Records provided
● ● ● ● ● ● ●

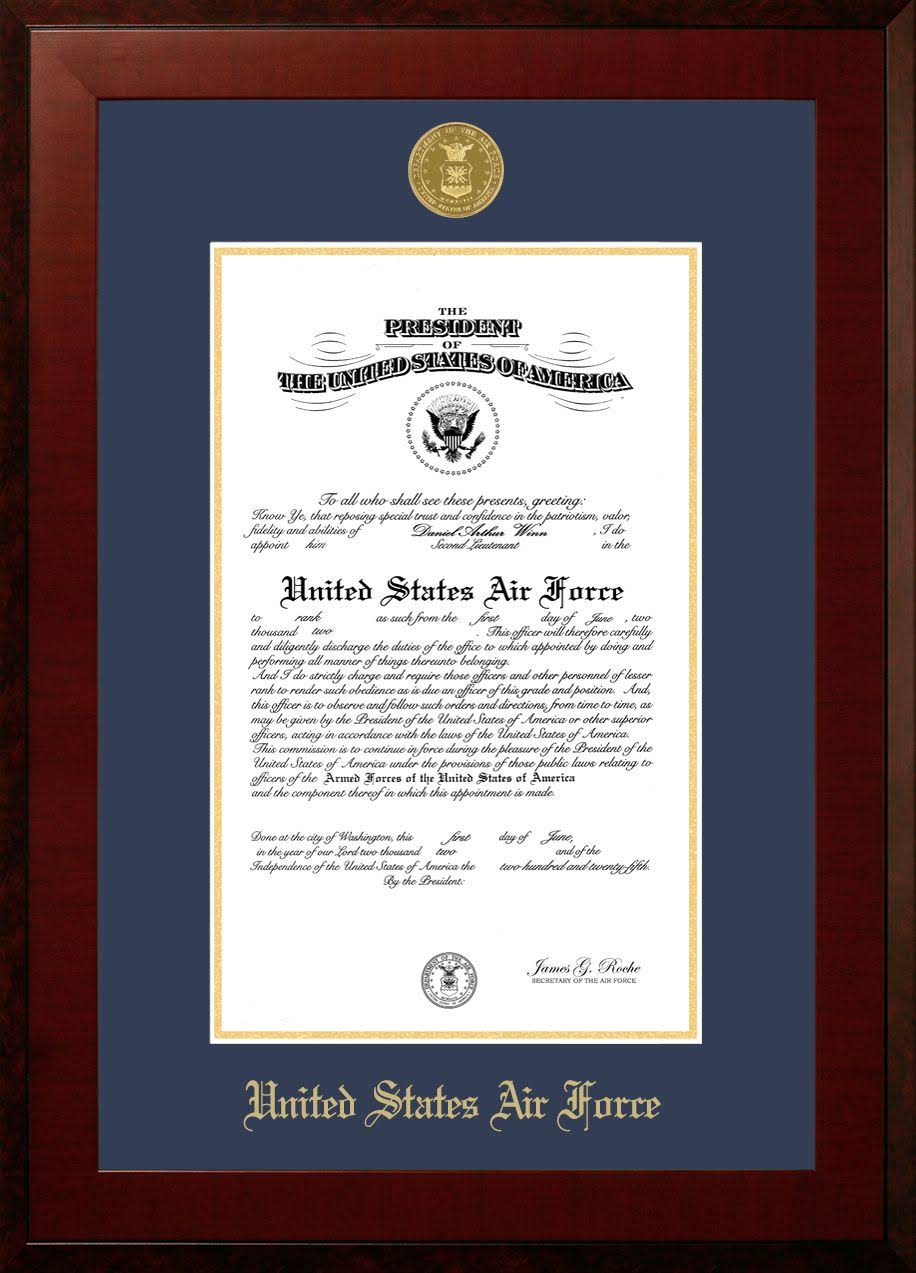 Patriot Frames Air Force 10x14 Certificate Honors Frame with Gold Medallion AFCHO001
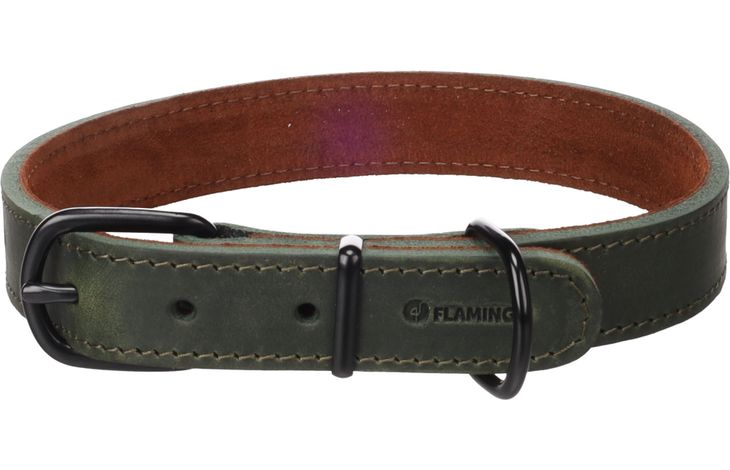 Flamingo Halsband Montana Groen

● ● ● ● ● ● ●

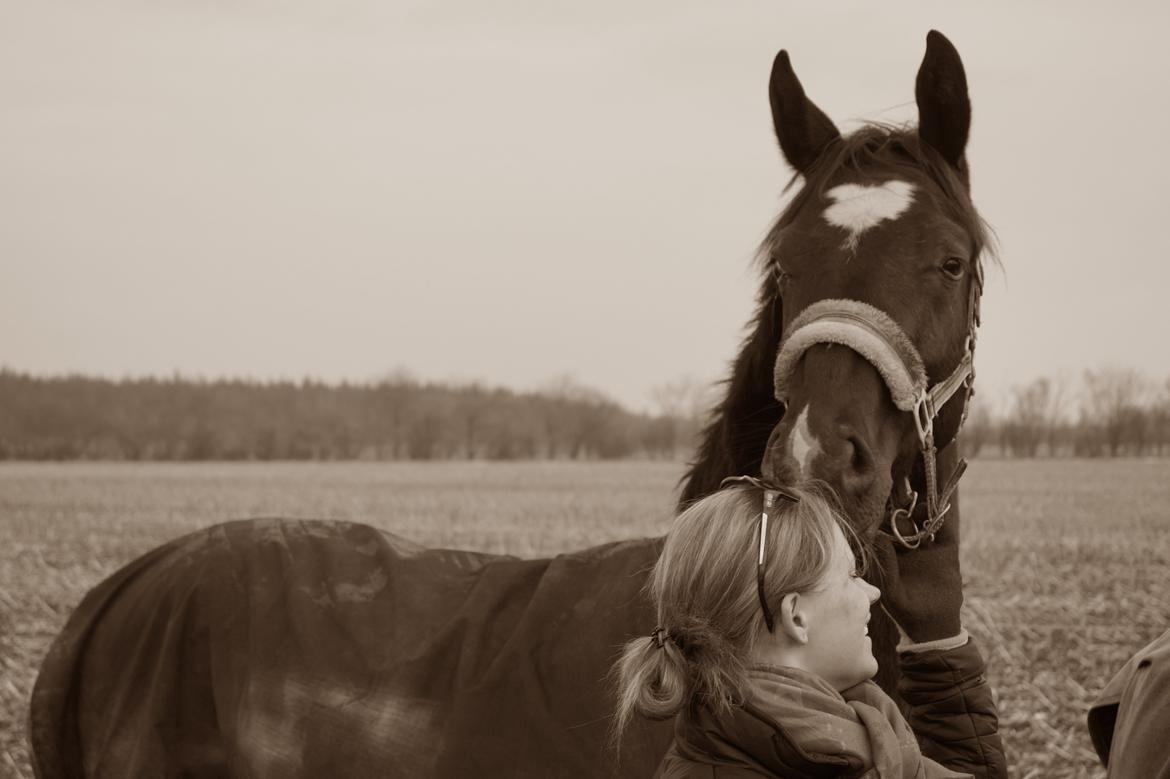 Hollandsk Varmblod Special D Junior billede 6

● ● ● ● ● ● ●

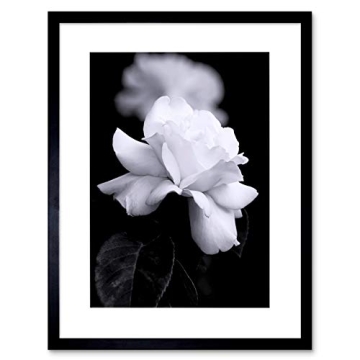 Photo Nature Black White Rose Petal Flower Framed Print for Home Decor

● ● ● ● ● ● ●

Directions
Look above for the line with "Patriot Frames Air" and the line with "Flamingo Halsband Montana Groen". Give again exactly those two lines and all lines between them, pictures excluded.

Your response
 Patriot Frames Air Force 10x14 Certificate Honors Frame with Gold Medallion AFCHO001
 Flamingo Halsband Montana Groen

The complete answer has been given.